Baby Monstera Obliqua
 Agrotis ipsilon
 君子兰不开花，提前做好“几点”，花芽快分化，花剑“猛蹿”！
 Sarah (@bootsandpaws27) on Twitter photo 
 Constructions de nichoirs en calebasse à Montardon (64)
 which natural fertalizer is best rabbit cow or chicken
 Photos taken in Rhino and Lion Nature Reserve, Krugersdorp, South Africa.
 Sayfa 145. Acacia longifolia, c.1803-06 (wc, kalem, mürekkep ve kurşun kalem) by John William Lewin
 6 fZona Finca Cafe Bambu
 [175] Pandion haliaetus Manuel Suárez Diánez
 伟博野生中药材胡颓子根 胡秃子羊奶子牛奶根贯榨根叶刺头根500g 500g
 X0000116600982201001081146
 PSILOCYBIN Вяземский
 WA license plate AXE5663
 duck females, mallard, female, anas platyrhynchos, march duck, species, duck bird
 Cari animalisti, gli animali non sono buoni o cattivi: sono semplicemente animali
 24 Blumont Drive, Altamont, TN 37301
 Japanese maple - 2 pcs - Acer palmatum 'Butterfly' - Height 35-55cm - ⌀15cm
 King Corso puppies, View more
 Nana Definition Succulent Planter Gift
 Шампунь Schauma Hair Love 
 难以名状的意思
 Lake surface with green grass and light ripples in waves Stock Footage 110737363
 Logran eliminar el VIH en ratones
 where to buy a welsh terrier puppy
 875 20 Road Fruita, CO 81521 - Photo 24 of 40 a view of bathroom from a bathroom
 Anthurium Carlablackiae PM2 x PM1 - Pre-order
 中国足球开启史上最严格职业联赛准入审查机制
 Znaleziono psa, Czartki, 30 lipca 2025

---------------

:: Brief ::
Set the listing above down once more in full, exactly as it is.

:: Completed task ::
Baby Monstera Obliqua
 Agrotis ipsilon
 君子兰不开花，提前做好“几点”，花芽快分化，花剑“猛蹿”！
 Sarah (@bootsandpaws27) on Twitter photo 
 Constructions de nichoirs en calebasse à Montardon (64)
 which natural fertalizer is best rabbit cow or chicken
 Photos taken in Rhino and Lion Nature Reserve, Krugersdorp, South Africa.
 Sayfa 145. Acacia longifolia, c.1803-06 (wc, kalem, mürekkep ve kurşun kalem) by John William Lewin
 6 fZona Finca Cafe Bambu
 [175] Pandion haliaetus Manuel Suárez Diánez
 伟博野生中药材胡颓子根 胡秃子羊奶子牛奶根贯榨根叶刺头根500g 500g
 X0000116600982201001081146
 PSILOCYBIN Вяземский
 WA license plate AXE5663
 duck females, mallard, female, anas platyrhynchos, march duck, species, duck bird
 Cari animalisti, gli animali non sono buoni o cattivi: sono semplicemente animali
 24 Blumont Drive, Altamont, TN 37301
 Japanese maple - 2 pcs - Acer palmatum 'Butterfly' - Height 35-55cm - ⌀15cm
 King Corso puppies, View more
 Nana Definition Succulent Planter Gift
 Шампунь Schauma Hair Love 
 难以名状的意思
 Lake surface with green grass and light ripples in waves Stock Footage 110737363
 Logran eliminar el VIH en ratones
 where to buy a welsh terrier puppy
 875 20 Road Fruita, CO 81521 - Photo 24 of 40 a view of bathroom from a bathroom
 Anthurium Carlablackiae PM2 x PM1 - Pre-order
 中国足球开启史上最严格职业联赛准入审查机制
 Znaleziono psa, Czartki, 30 lipca 2025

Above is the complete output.